— EXERCISE REQUIREMENTS —
Needed from the data below: every line from the one with "Lightweight Adjustable Black" up to and including the one with "2020 FORD ECOSPORT S", repeated exactly and with nothing else.

— MATERIAL PROVIDED —
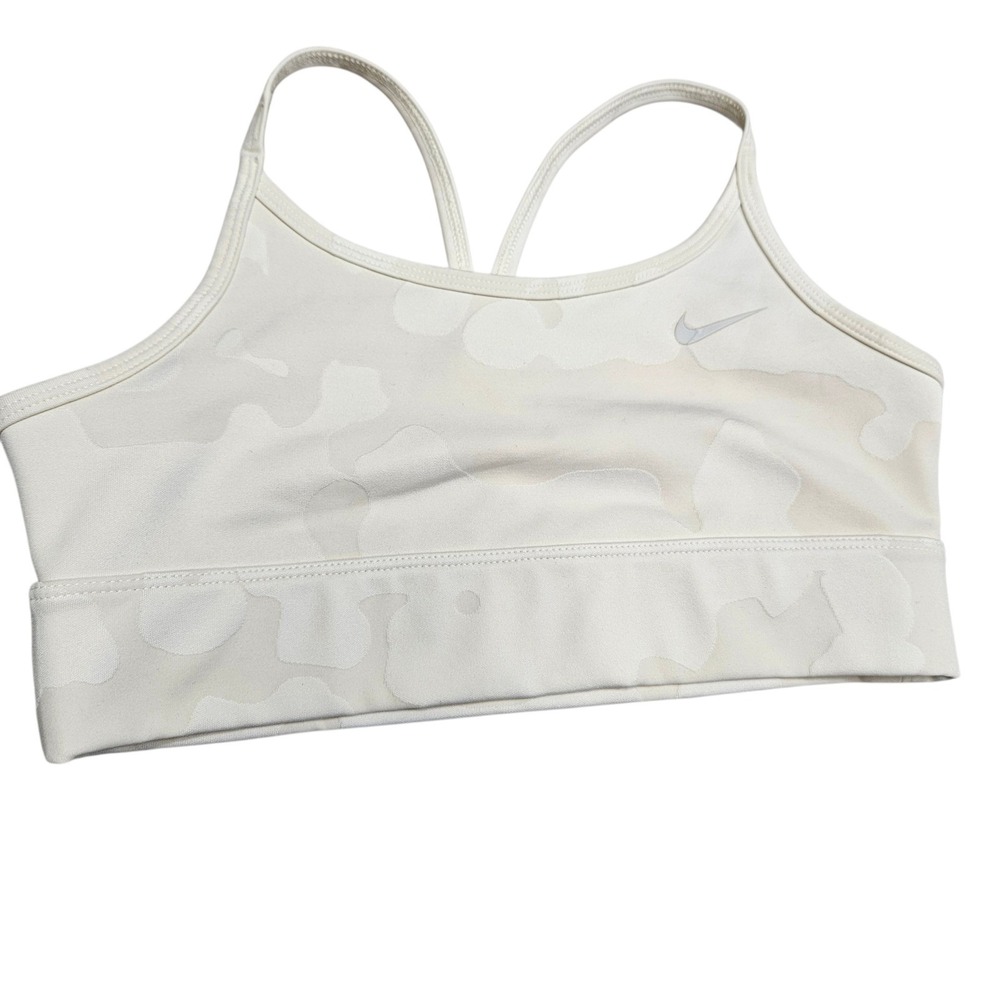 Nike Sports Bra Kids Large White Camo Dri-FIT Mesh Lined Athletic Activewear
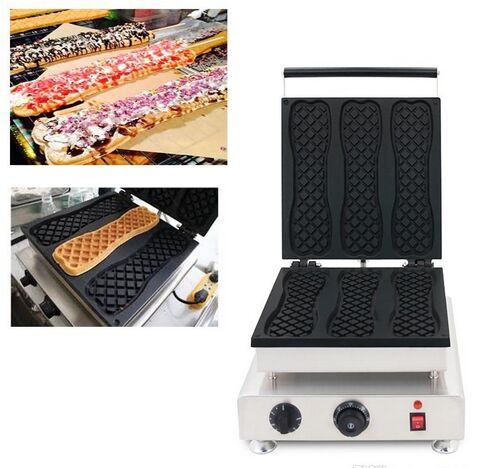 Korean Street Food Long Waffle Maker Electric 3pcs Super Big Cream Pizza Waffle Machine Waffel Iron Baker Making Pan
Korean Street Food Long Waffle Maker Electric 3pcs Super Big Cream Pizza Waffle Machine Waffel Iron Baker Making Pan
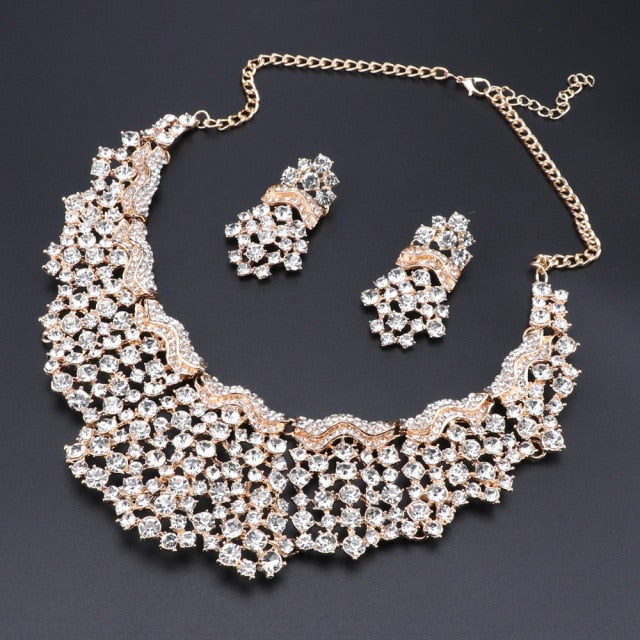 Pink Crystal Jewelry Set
--
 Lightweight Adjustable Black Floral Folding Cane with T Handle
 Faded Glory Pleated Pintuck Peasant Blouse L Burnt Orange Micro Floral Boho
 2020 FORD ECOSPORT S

— OUTPUT —
 Lightweight Adjustable Black Floral Folding Cane with T Handle
 Faded Glory Pleated Pintuck Peasant Blouse L Burnt Orange Micro Floral Boho
 2020 FORD ECOSPORT S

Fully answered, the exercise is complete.